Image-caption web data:
━━━━━━━━

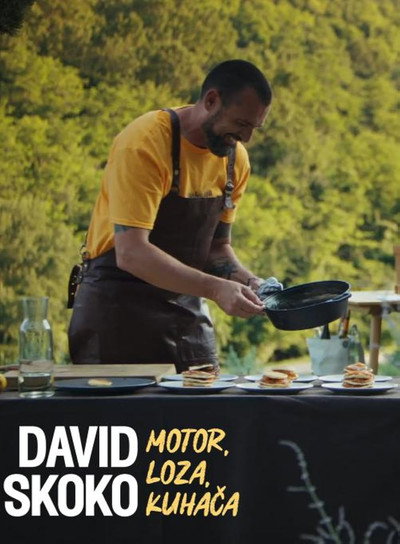 Póster de David Skoko: Motor, loza, kuhaca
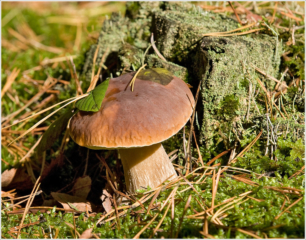 Boletus edulis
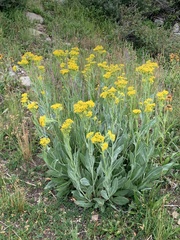 Senecio atratus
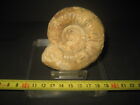 Ammonite Fosil. Procerites. Jurasico. Francia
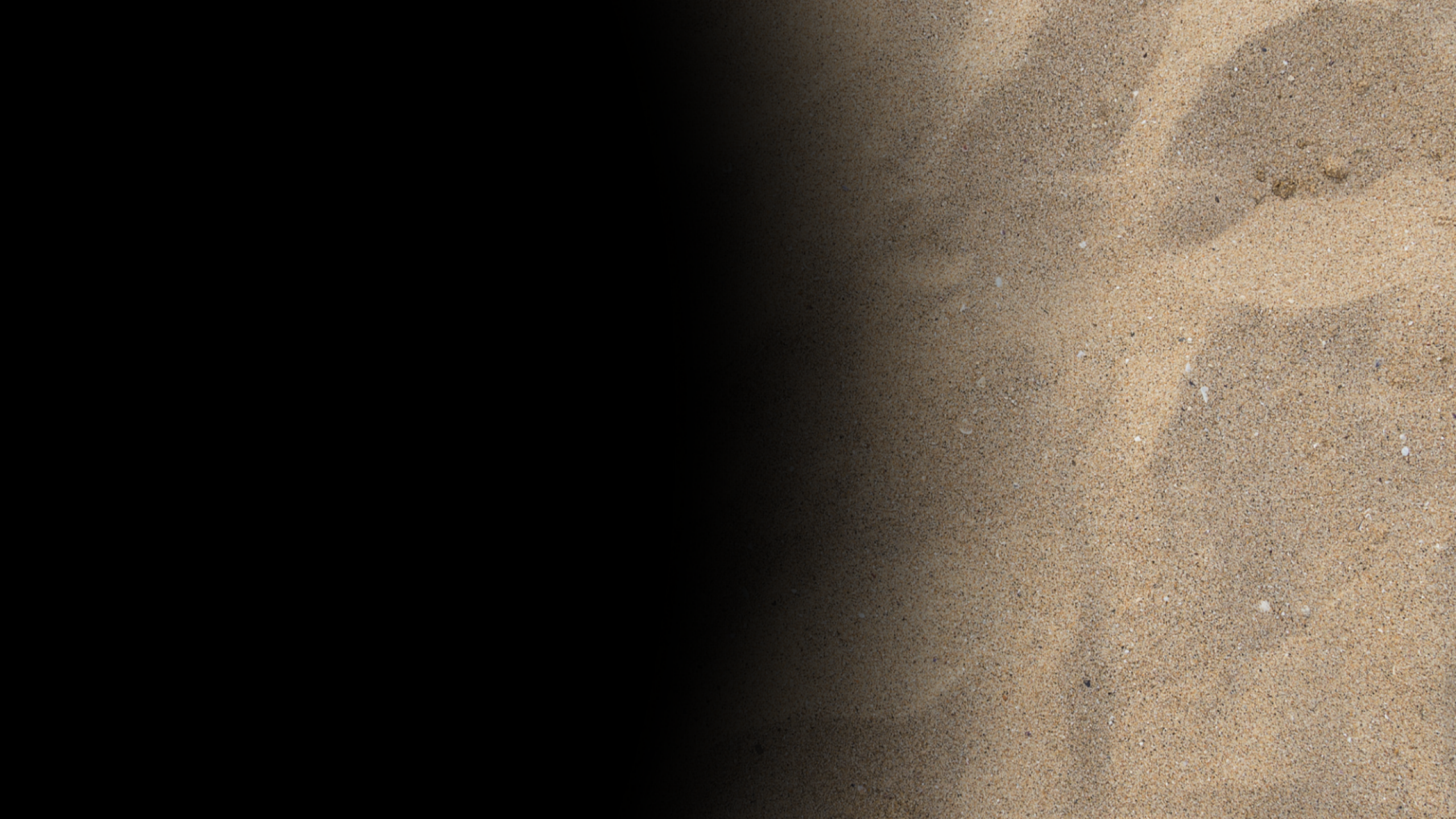 LEAD-2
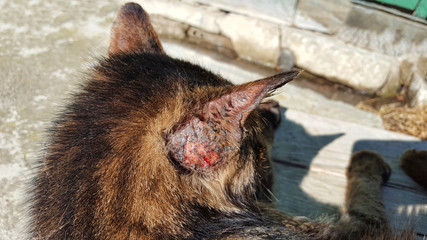 Ear feline sporotrichosis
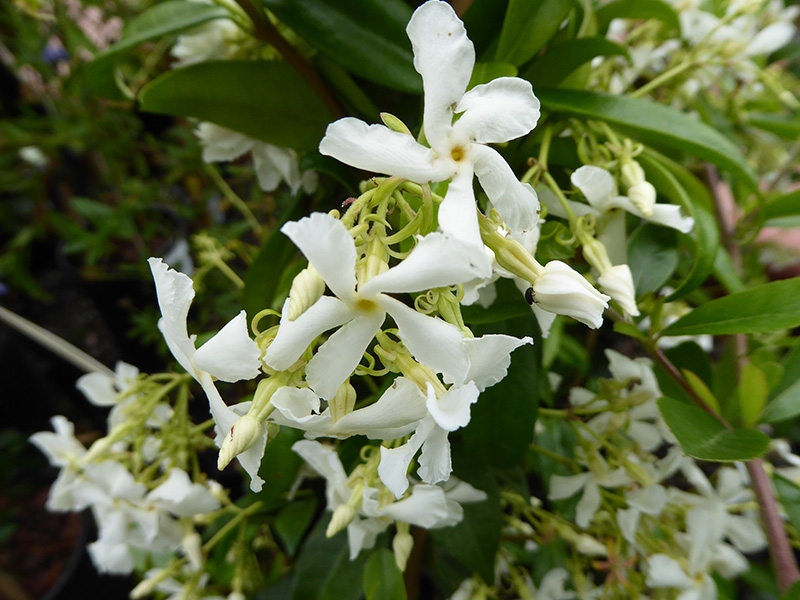 Trachelospermum jasminiodes-0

━━━━━━━━

• AIM OF THE TASK: Reproduce the lines from the one with "Senecio atratus" through the end of the data, keeping both end lines, adding nothing, and dropping any pictures.

• THE ANSWER:
 Senecio atratus
 Ammonite Fosil. Procerites. Jurasico. Francia
 LEAD-2
 Ear feline sporotrichosis
 Trachelospermum jasminiodes-0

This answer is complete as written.